=== Given material ===
--

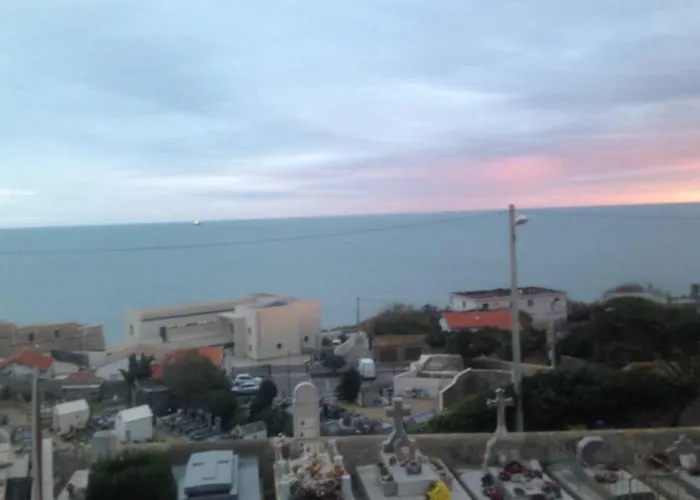 Le Grand Mole - 2 A 8 Voyageurs Sète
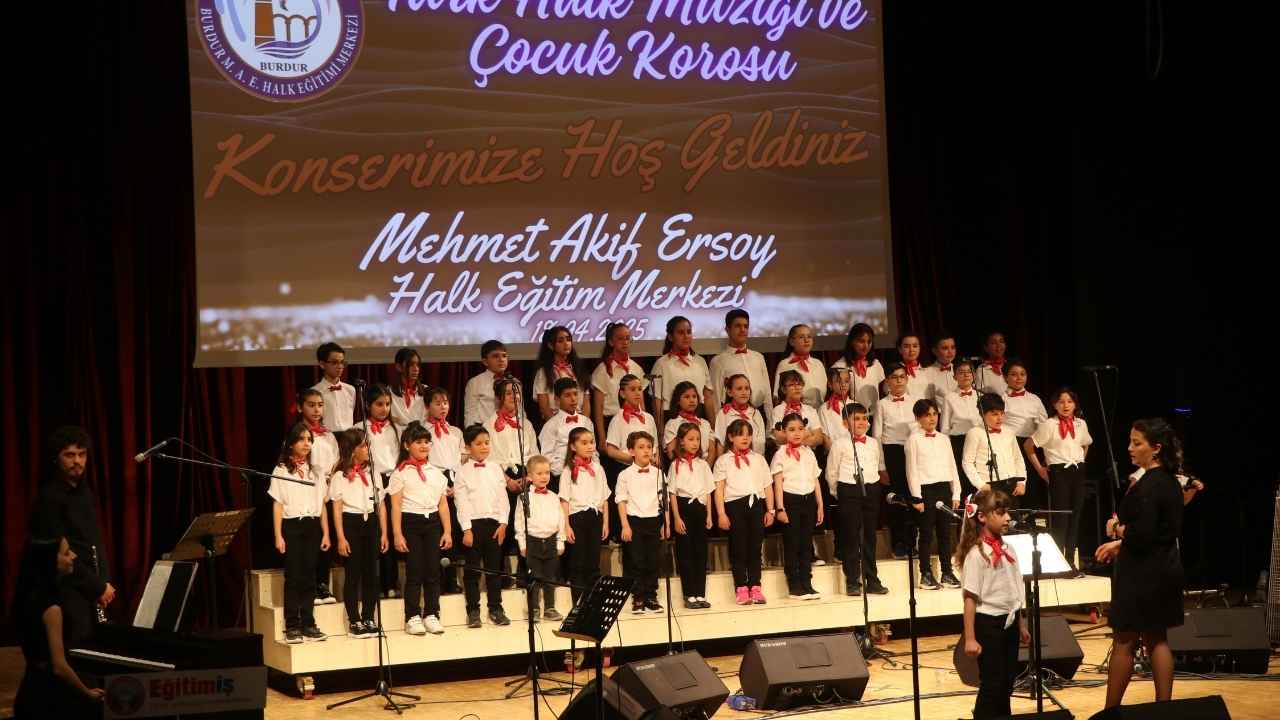 Burdur'da Halk Eğitim Merkezi'nden Türkü Gecesi 2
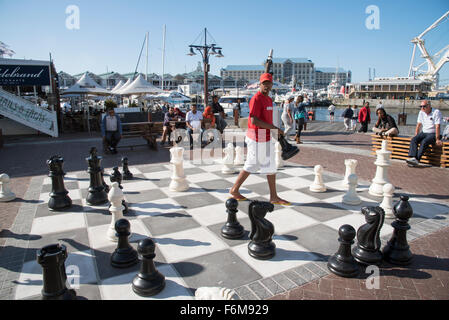 Spieler genießen eine Partie Straße an der Waterfront in Kapstadt Südafrika Stockfoto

--

=== Task to carry out ===
Could you output the lines above exactly, with no pictures included?

=== Answer box ===
 Le Grand Mole - 2 A 8 Voyageurs Sète
 Burdur'da Halk Eğitim Merkezi'nden Türkü Gecesi 2
 Spieler genießen eine Partie Straße an der Waterfront in Kapstadt Südafrika Stockfoto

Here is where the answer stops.